Search code examples
machine-learningmlflowdvcwandbclearml

Experiment tracking for multiple ML independent models using WandB in a single main evaluation


Can you recommend from your experience about choosing a convenient tracking experiment tool and versioning only "Multi independent models, but one input->multi-models->one output" in order to get single main evaluation and conveniently compare sub-evaluations? see a project example in the diagram. enter image description here

I understand and tried to use W&B, MLFlow, DVC, Neptune.ai, DagsHub, TensorBoard for only one model, but I'm not sure one is convenient to use for multi-independent models. I also did not find it in Google for the approximate phrase "ML tracking experiment and management for multi models"


Solution

  • Disclaimer: I'm co-founder at Iterative, we are authors of DVC. My response doesn't come from my experience with all the tools mentioned above. I took this as an opportunity to try build a template for this use case in the DVC ecosystem and share this in case it's useful for anyone.
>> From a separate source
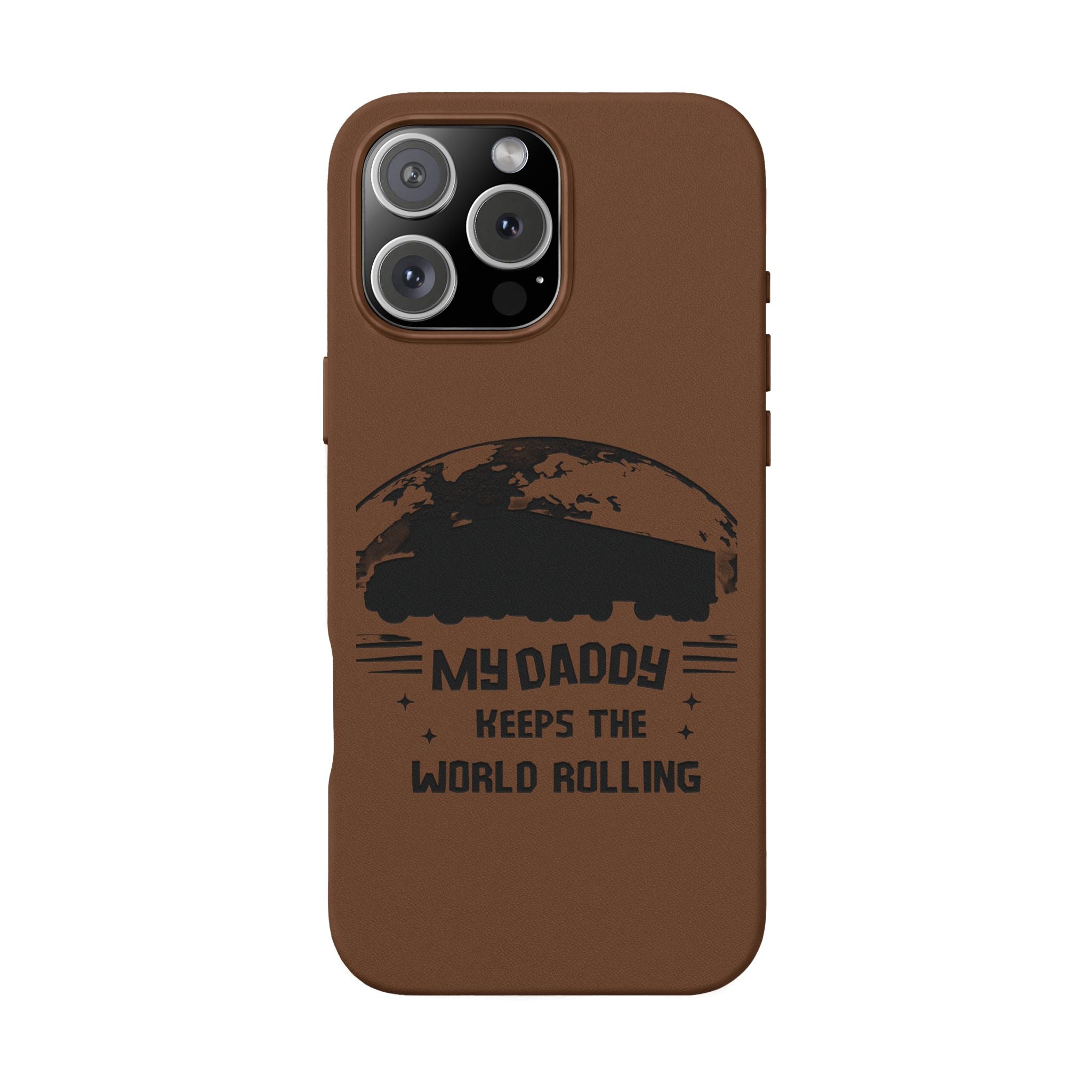 Engraved PU Leather Phone Case — 'Mhdaddy Keeps the World Rolling' Vintage Van Design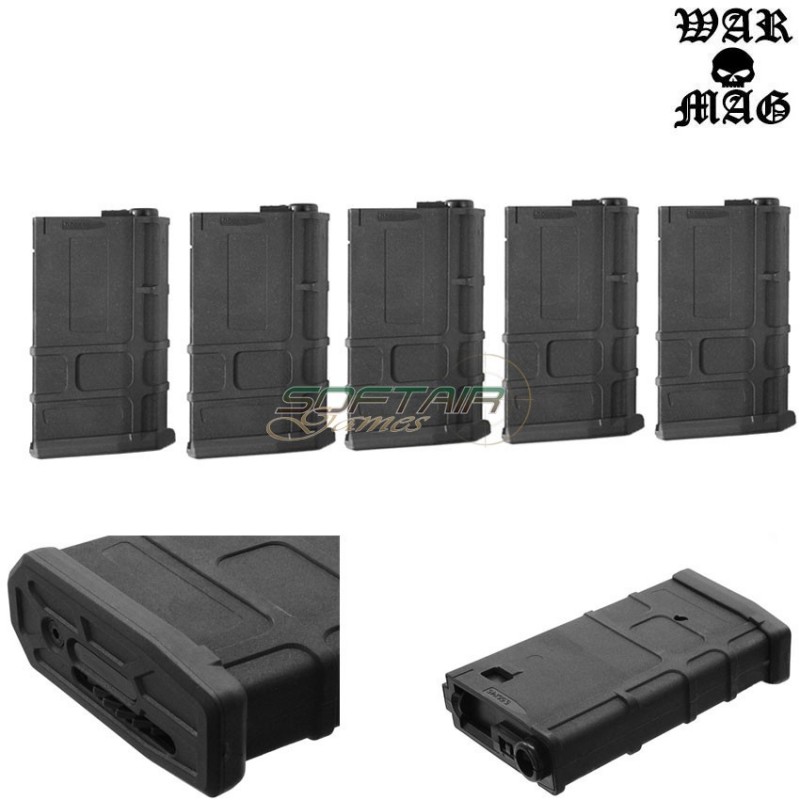 Set 5 Caricatori Maggiorati Short M4 Style 190bb Black Warmag (wm-28set-bk)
    Here is the GitHub repo, I've built (Note: it's a template, not a real ML project, scripts are artificially simplified to show the essence of the multi model evaluation):

    DVC Model Ensemble

    I've put together an extensive README with a few videos of CLI, VS Code, Studio tools.

    The core part of the repo is this DVC pipeline, that "trains" multiple models, collects their metrics, and then runs evaluation stage to "reduce" those metrics into the final one.

    stages:
      train:
        foreach:
          - model-1
          - model-2
        do:
          cmd: python train.py
          wdir: ${item}
          params:
            - params.yaml:
          deps:
          - train.py
          - data
          outs:
          - model.pkl:
              cache: false
          metrics:
          - ../dvclive/${item}/metrics.json:
              cache: false
          plots:
          - ../dvclive/${item}/plots/metrics/acc.tsv:
              cache: false
              x: step
              y: acc
      evaluate:
        cmd: python evaluate.py
        deps: 
        - dvclive
        metrics:
        - evaluation/metrics.json:
            cache: false
    

    It describes how to build and connect different things in the project, also makes the project "runnable" and reproducible. It can scale to any number of models (the first foreach clause).

    Please, let me know if that fits your scenario and/or you have more requirements, happy to learn mode and iterate on it :)